Well, that’s a lot more traffic, but nothing outrageous, on the other hand, that idea about multiple async sends being able to fill the pipeline clearly went away – the second send doesn’t start until the first is acknowledged.  In addition, the sliding window never gets greater than 3K but that’s not the end of the world…

But see what happens when we add in delayed (or piggybacked) acks to the picture…  Remember, CIFS uses NetBIOS semantics.  That means that every byte of every send must be acknowledged before the next block can be sent.

            Client:  Request Transaction, sending <n> bytes, receiving <m> bytes
            Server: ACK Request
            Server: Ok, buffers allocated to receive <n> bytes, go ahead
            Client: ACK Request
            Client: Sending 4K block 1, frame 1
            Client: Sending 4K block 1, frame 2
            Client: Sending 4K block 1, frame 3
            Server: wait 200ms for server response and ACK Request
            Client: Sending 4K block 2, frame 1
            Client: Sending 4K block 2, frame 2
            Client: Sending 4K block 2, frame 3
            Server: wait 200ms for server response and ACK Request
            Client: Sending 4K block <n>, frame 1
            Client: Sending 4K block <n>, frame 2
            Client: Sending 4K block <n>, frame 3
            Server: wait 200ms for server response and ACK Request
            <The server does it’s thing and responds>
            Server: Sending 4K block 1, frame 1
            Server: Sending 4K block 1, frame 2
            Server: Sending 4K block 1, frame 3
            Client: wait 200ms for client request and ACK Request
            Server: Sending 4K block 2, frame 1
            Server: Sending 4K block 2, frame 2
            Server: Sending 4K block 2, frame 3
            Client: wait 200ms for client request and ACK Request
            Server: Sending 4K block 3, frame 1
            Server: Sending 4K block 3, frame 2
            Server: Sending 4K block 3, frame 3
            Client: wait 200ms for client request and ACK Request
            Server: Sending 4K block <n>, frame 1
            Server: Sending 4K block <n>, frame 2
            Server: Sending 4K block <n>, frame 3
            Server: wait 200ms for client request and ACK Request

All of a sudden, an operation that looked really good at the high level protocol overview turned into an absolute nightmare on the wire.  It would take over a second just to send and receive 28K of data!
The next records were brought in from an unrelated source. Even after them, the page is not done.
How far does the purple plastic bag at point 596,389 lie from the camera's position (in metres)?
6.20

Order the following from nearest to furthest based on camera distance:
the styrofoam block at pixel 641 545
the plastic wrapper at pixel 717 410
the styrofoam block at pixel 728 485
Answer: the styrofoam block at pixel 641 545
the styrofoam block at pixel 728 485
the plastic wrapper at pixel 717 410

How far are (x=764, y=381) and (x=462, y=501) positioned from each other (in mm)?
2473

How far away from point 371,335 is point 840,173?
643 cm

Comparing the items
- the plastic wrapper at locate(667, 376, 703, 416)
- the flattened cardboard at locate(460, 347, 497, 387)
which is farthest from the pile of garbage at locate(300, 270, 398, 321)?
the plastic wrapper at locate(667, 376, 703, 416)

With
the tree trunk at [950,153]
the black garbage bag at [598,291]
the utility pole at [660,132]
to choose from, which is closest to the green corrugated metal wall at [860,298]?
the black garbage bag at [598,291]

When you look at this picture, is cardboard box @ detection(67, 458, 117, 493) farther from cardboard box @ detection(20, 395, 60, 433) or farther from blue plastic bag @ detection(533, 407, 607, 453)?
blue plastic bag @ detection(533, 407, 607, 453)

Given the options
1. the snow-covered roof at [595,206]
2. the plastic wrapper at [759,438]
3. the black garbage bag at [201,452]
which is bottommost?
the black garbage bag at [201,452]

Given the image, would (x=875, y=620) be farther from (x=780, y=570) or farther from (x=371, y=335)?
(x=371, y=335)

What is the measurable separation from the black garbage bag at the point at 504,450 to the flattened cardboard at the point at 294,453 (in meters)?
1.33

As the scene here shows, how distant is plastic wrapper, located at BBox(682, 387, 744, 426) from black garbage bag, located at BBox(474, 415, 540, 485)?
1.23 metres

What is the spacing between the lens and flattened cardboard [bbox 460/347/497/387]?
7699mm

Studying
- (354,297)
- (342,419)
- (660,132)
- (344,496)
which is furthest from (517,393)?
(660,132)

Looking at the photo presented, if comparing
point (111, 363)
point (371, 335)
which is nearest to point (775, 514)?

This is the consequence of not understanding how the lower levels behave when you design higher level protocols.  If you don’t know what’s going to happen on the wire, design decisions that look good at a high level turn out to be terrible when put into practice.  In many ways, this is another example of Joel Spolsky’s Law of Leaky Abstractions – the network layer abstraction leaked all the way up to the application layer.

My solution to this problem when we first encountered it (back before NT 3.1 shipped) was to add the TDI_SEND_NO_RESPONSE_EXPECTED flag to the TdiBuildSend API that would instruct the transport that no response was expected for the request.  The transport would then disable delayed acks for the request (if it was possible).  Now for some transports it’s not possible to disable piggyback acks, but for those that can, this is a huge optimization.